[Data entries]
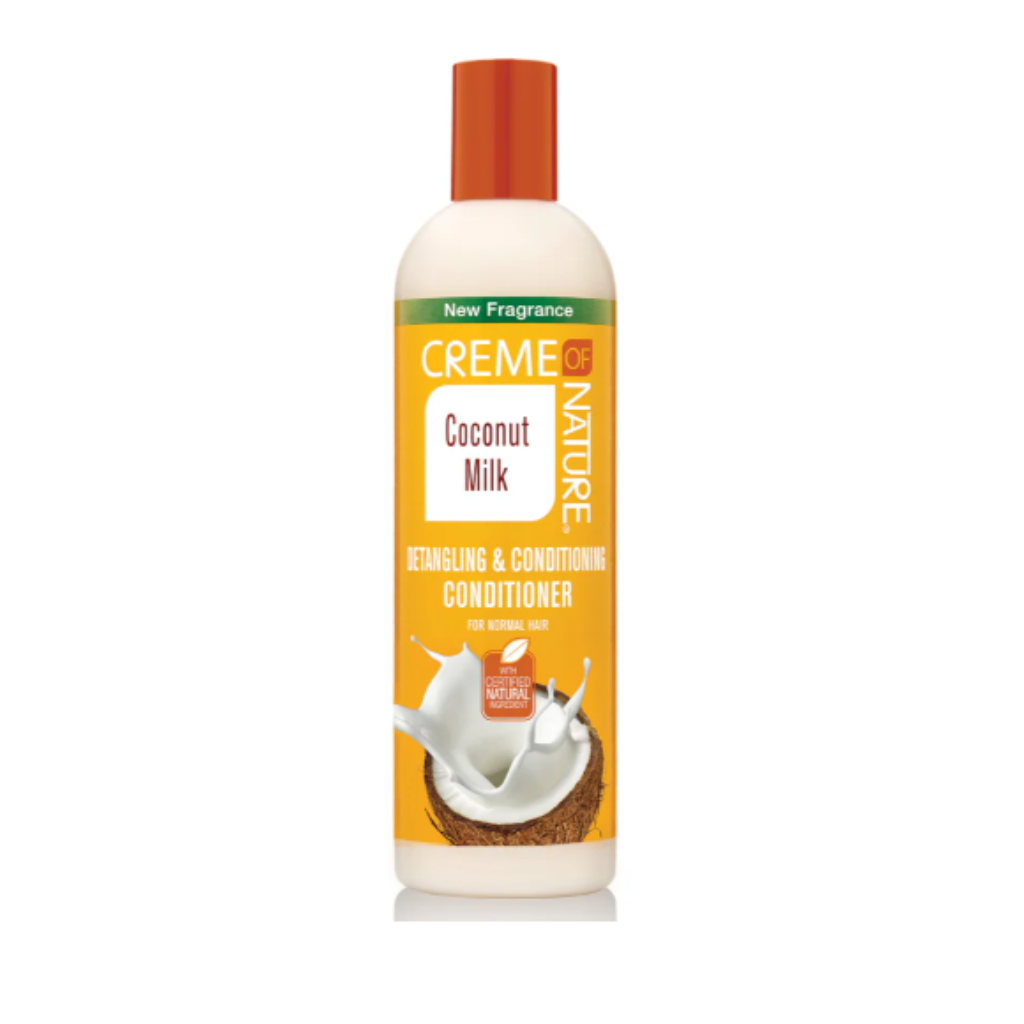 Creme of Nature Coconut Milk Detangling Conditioner 12 oz - BRAID BEAUTY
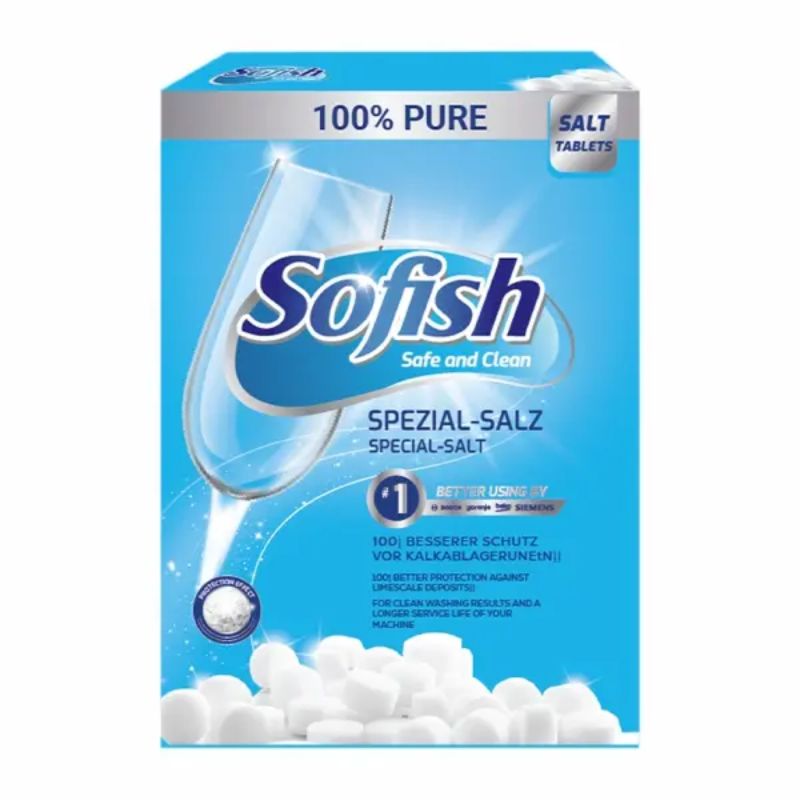 Muối rửa bát Sofish Tablets 1kg Muối rửa bát Sofish Tablets 1kg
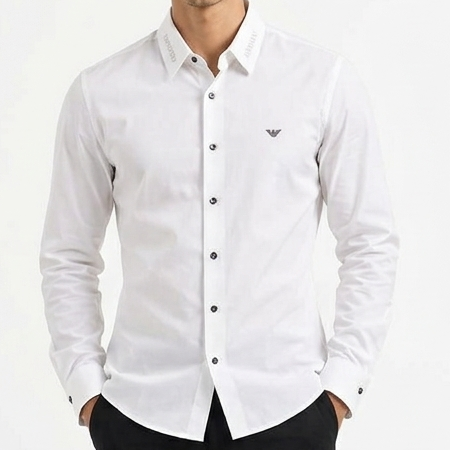 Men's Premium Regular Fit Full-Sleeve Formal Shirt with Logo Detail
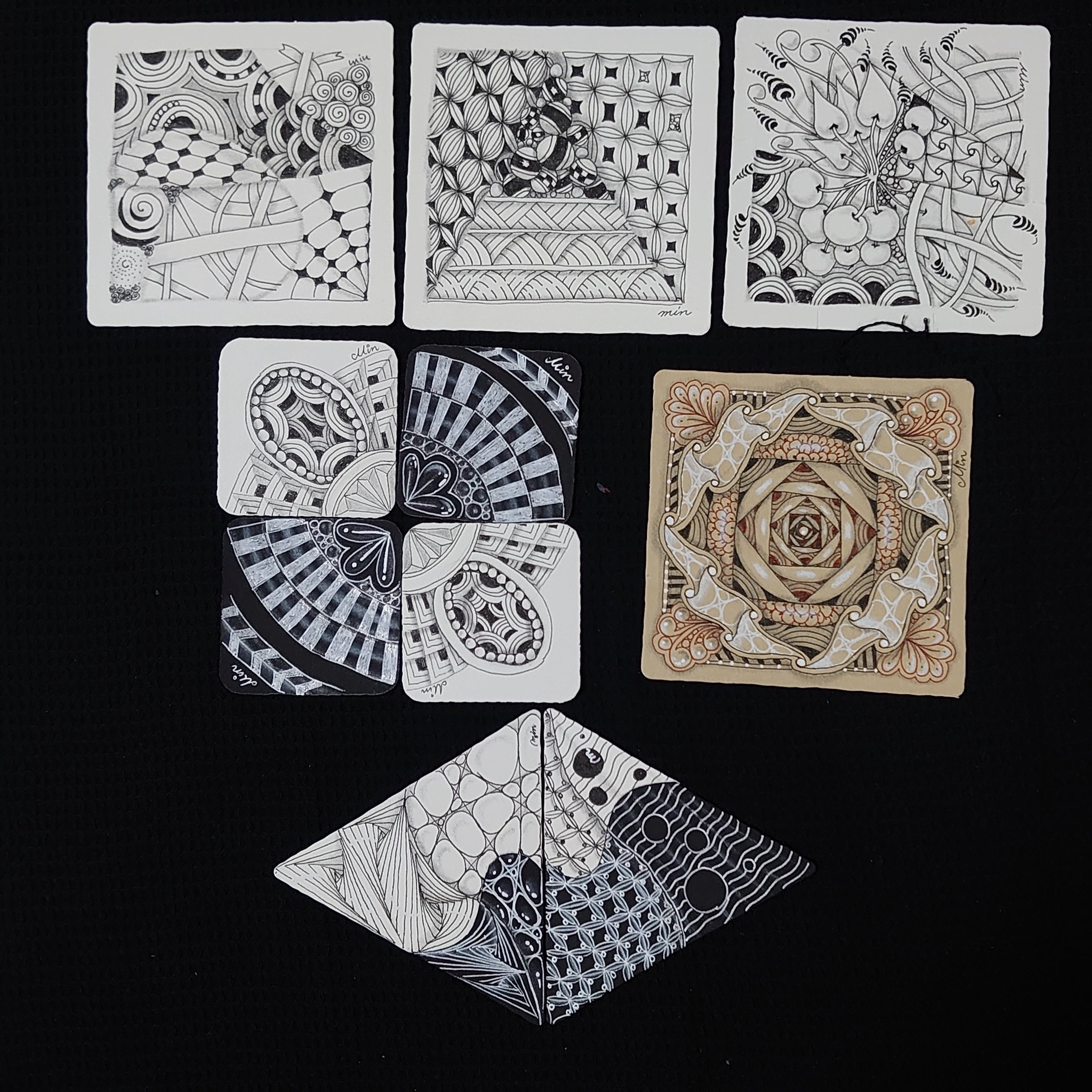 ふるはし美鳥先生【ゼンタングル講座】修了しました✨｜min-nico2tangle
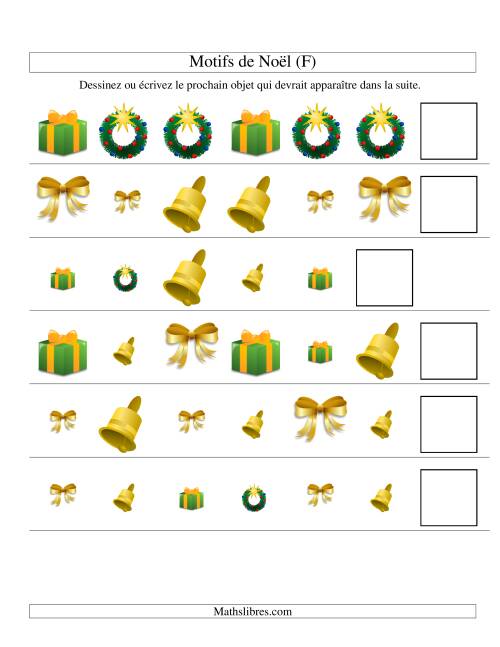 Motifs de Noël avec Deux Particularités (forme & taille) 2ème Partie (F)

- ABOUT THIS EXERCISE: Set down only the lines from the one with "Men's Premium Regular" through the end of the entries, exactly as they appear, leaving out each picture.

- RESPONSE TO THE EXERCISE:
 Men's Premium Regular Fit Full-Sleeve Formal Shirt with Logo Detail
 ふるはし美鳥先生【ゼンタングル講座】修了しました✨｜min-nico2tangle
 Motifs de Noël avec Deux Particularités (forme & taille) 2ème Partie (F)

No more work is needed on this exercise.